“Then the kingdom of heaven will be like ten virgins who took their lamps and went to meet the bridegroom. 2 Five of them were foolish, and five were wise. 3 For when the foolish took their lamps, they took no oil with them, 4 but the wise took flasks of oil with their lamps. 5 As the bridegroom was delayed, they all became drowsy and slept. 6 But at midnight there was a cry, ‘Here is the bridegroom! Come out to meet him.’ 7 Then all those virgins rose and trimmed their lamps. 8 And the foolish said to the wise, ‘Give us some of your oil, for our lamps are going out.’ 9 But the wise answered, saying, ‘Since there will not be enough for us and for you, go rather to the dealers and buy for yourselves.’ 10 And while they were going to buy, the bridegroom came, and those who were ready went in with him to the marriage feast, and the door was shut. 11 Afterward the other virgins came also, saying, ‘Lord, lord, open to us.’ 12 But he answered, ‘Truly, I say to you, I do not know you.’ 13 Watch therefore, for you know neither the day nor the hour.”
This parable can be confusing if we try to attach specific meaning to each component (lanterns, oil, trimming the lamps, oil sellers, etc.). While it was common in medieval theology to spiritualize every single aspect of a parable (see Augustine’s interpretation of the Good Samaritan parable), parables generally teach one overarching truth and should be understood that way.
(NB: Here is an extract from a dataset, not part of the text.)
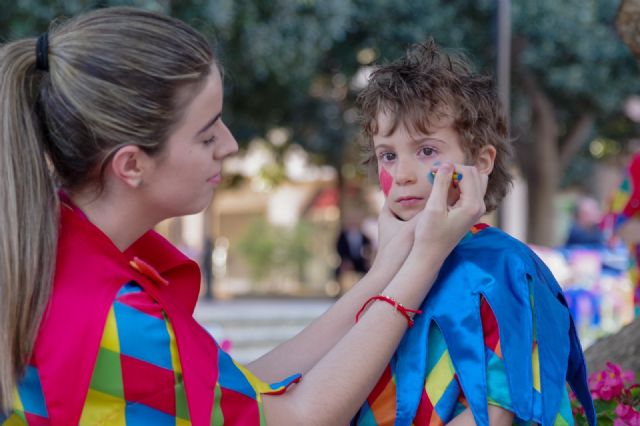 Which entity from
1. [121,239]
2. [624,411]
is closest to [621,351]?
[624,411]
We’re not called to ferret out the allegorical meaning of each component. There are times when, because of context or other teachings in scripture, symbolic meaning can be assigned. For example, I believe we’re safe in saying the “bridegroom” in this parable is Christ. There are also times when scripture tells us what the components mean as we see in Matthew 13 when Jesus explains the parables of the sower and the wheat and the tares. But, beyond that, we should not speculate.
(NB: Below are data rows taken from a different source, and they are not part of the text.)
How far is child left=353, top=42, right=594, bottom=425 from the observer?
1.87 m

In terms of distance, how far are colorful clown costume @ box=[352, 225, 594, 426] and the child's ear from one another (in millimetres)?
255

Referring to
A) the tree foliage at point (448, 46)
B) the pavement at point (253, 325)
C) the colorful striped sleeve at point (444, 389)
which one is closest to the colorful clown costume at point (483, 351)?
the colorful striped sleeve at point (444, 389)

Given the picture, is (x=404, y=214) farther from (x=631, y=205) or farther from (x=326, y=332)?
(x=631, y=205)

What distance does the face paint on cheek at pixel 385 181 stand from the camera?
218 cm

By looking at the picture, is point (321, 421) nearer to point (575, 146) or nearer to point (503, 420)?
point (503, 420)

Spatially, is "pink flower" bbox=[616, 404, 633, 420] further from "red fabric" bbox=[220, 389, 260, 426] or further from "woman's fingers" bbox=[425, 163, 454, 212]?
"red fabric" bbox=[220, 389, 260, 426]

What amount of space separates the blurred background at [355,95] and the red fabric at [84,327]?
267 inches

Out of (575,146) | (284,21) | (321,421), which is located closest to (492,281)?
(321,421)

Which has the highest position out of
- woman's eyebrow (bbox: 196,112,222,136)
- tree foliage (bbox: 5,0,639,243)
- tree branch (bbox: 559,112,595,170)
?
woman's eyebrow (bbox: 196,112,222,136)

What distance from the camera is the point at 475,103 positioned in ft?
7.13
The key to understanding this parable is its context. Matthew includes this teaching immediately after Jesus’ teaching on the end of the age in Matthew 24. The parable is a warning to be prepared for the coming of Christ.
The foolish virgins thought they were ready. However, the unexpected return of the bridegroom exposed them as frauds – and it was too late for them. The response of the bridegroom to their pleas in verse 12 is almost identical to Jesus’ words in Matthew 7:23:
“And then will I declare to them, ‘I never knew you; depart from me, you workers of lawlessness.’”
We know not the day and the hour. Therefore, we should make our calling and election sure so that when that day comes we will receive a rich welcome into the “eternal kingdom of our Lord and Savior Jesus Christ.” (II Peter 1:10-11)
Are you ready for the coming of the Lord?